ROPChains are a powerful class of attack against binaries. We implemented a number of compiler-based mitigations for ROPChains in LLVM/Clang and GCC and benchmarked them to understand the security-performance tradeoff. Learn how to take simple, powerful steps to defend against this class of attack.

Description

Defending against ROPChain exploits can be significantly easier than you might believe. It takes only a few targeted, potentially unexpected, changes to your compiler to create binaries and shared libraries that no longer contain enough unique ROP gadgets to successfully create an exploitable ROPChain, defeating this class of attack. These changes can be implemented across a wide variety of compilers and operating systems, making a one-size-fits-all approach to ROPChain mitigations, so that these mitigations can be maximally beneficial to everyone.

Inspired by work spearheaded by the OpenBSD project, in this talk we outline what ROPChains are, why these attacks matter and are worth studying and developing mitigations for, what mitigations we chose to study and implement, and what the security-performance tradeoff is for these mitigations. We implemented these mitigations on LLVM/Clang and, for the first time that we know of, GCC. We will demonstrate how these mitigations work, discuss why these simple mitigations are so powerful, and recommend the best course of action for reducing your attack surface with these mitigations.

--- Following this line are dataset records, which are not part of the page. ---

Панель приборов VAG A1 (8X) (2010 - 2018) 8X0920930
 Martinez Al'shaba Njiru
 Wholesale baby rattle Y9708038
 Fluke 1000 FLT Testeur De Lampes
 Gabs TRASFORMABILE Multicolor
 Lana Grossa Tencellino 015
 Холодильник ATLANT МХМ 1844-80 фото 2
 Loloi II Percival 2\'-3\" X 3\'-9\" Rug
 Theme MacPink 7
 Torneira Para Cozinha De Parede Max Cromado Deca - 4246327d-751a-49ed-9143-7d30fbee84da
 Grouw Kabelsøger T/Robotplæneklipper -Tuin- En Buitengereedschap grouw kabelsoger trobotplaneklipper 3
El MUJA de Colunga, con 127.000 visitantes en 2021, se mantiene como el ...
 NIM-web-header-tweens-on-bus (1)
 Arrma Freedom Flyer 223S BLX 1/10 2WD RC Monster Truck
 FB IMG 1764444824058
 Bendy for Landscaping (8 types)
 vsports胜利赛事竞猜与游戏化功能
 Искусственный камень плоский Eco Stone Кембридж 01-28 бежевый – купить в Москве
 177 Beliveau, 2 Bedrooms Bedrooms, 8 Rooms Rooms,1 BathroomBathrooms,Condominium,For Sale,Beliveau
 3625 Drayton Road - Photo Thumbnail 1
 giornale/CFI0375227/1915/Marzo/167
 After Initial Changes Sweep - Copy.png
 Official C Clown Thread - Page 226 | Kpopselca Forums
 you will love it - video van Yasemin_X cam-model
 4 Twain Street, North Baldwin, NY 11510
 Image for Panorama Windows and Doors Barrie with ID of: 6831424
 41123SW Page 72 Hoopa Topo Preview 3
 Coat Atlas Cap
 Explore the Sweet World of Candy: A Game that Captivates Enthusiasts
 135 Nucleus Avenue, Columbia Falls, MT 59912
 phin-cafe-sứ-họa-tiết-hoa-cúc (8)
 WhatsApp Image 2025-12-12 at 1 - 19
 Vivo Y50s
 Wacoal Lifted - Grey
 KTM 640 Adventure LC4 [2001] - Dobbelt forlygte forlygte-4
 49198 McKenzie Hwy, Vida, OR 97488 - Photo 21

This talk comes with open source patches that you can apply to your compilers today to make a noticeable improvement to your security.

Notes

We are a team of university researchers at Rensselaer Polytechnic Institute (Troy, NY) who have taken binary exploitation courses, been studying how to exploit ROPChains on modern machines and defenses against such attacks, and are successful participants in national CTF tournaments. The submitter of this presentation is the professor who runs the research lab, and is writing this submission as a teaching tool to teach the students how to write conference proposals of their own. The co-presenters are the students who have taken the lead on this research and are the ones doing the heavy lifting. We intend for some subset of the co-presenters, many of whom are first-time speakers, to deliver the talk at the conference; the professor can also help deliver the talk if needed.

While we may be from Eastern NY, we are excited to meet many of our colleagues from Western NY.